Prompt weighting is supported via compel:
https://huggingface.co/docs/diffusers/using-diffusers/weighted_prompts
Prompt weighting is supported via
compel: https://huggingface.co/docs/diffusers/using-diffusers/weighted_prompts
We can nevertheless support lpw more natively in the diffusers core codebase
@sarmientoj24 it doesn't support lora prompts. I would rather add this and other features in a separate PR.
@sarmientoj24 it doesn't support lora prompts.
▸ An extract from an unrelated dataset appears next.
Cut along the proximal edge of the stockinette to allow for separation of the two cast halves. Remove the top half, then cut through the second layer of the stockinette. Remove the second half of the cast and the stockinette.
I would rather add this and other features in a separate PR.
def process_lora_prompt(prompt):
lora = re.compile(r'<lora:([^:]+):([\d\.\-]+)>')
lora_matches = lora.findall(prompt)
lora_matches = [(f'({name}:{weight})', float(weight))
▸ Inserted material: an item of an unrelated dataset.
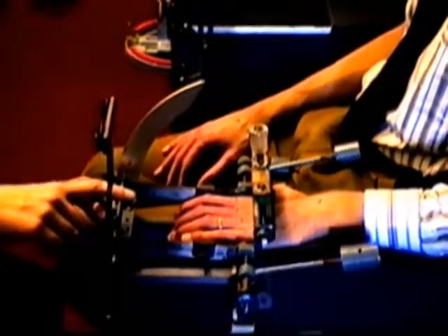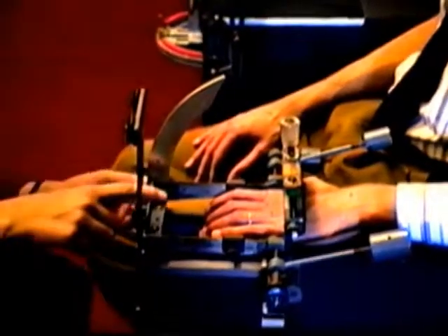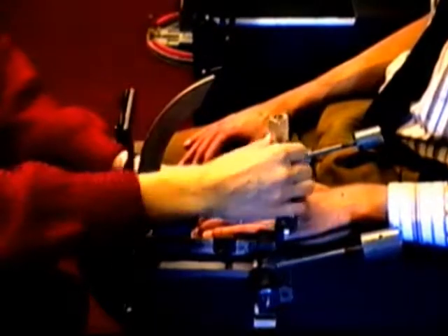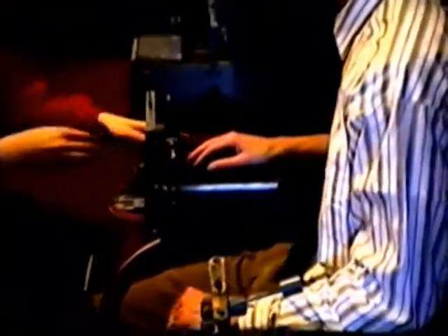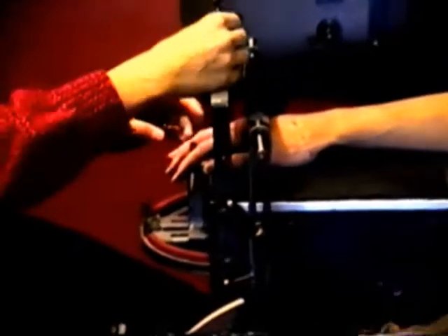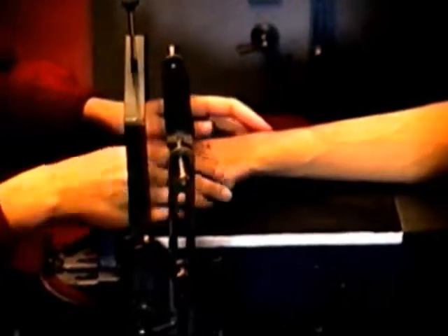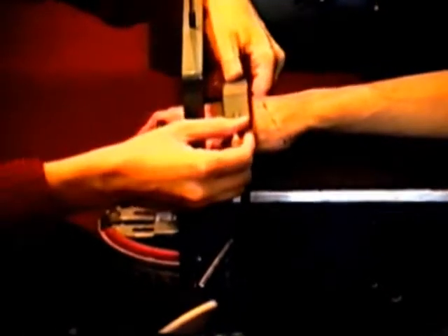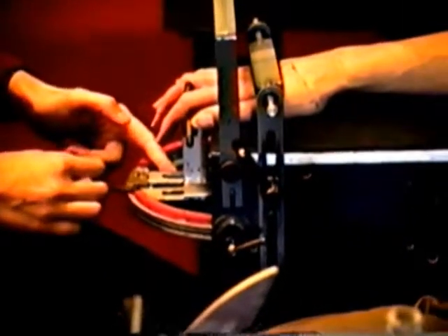And we thought about the problem, how to do it fast. She's arranging the hand according to the reference points of the joints.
for name, weight in lora_matches]
filtered_prompt = lora.sub('', prompt)
filtered_prompt += ' '.join(f'({name}:{weight})' for name,
weight in lora_matches)
return filtered_prompt
here is function to extract lora from prompt
i don't think that's how you handle LoRA prompting, that merely removes the loras from the prompt.
@adhikjoshi btw there is already skip_weighting flag in get_weighted_text_embeddings, so we can reuse lpw implementation in StableDiffusionPipeline
@DN6 @yijinsheng do i need to do anything in this PR? Adding lora and hypernetworks as suggested above is a nice feature but this can be done in follow up PRs..
@DN6 @yiyixuxu can you give this a look?
This issue has been automatically marked as stale because it has not had recent activity. If you think this still needs to be addressed please comment on this thread.
Please note that issues that do not follow the contributing guidelines are likely to be ignored.
Not stale.
This issue has been automatically marked as stale because it has not had recent activity. If you think this still needs to be addressed please comment on this thread.
Please note that issues that do not follow the contributing guidelines are likely to be ignored.
Should not be stale?
@yiyixuxu a gentle bump here.
@sayakpaul Maybe we could introduce a PromptEncoder class to pass it into pipeline constructor, or maybe a mixin class?
Using types.MethodType is not the best possible way to change prompt encoding.. but i believe this PR is a step in the right direction
Requesting some inputs from @yiyixuxu here.
This issue has been automatically marked as stale because it has not had recent activity. If you think this still needs to be addressed please comment on this thread.
Please note that issues that do not follow the contributing guidelines are likely to be ignored.
Hi @noskill How did you envision using this in the Pipelines? By just replacing the call to encode_prompt with the lpw version of encode_prompt?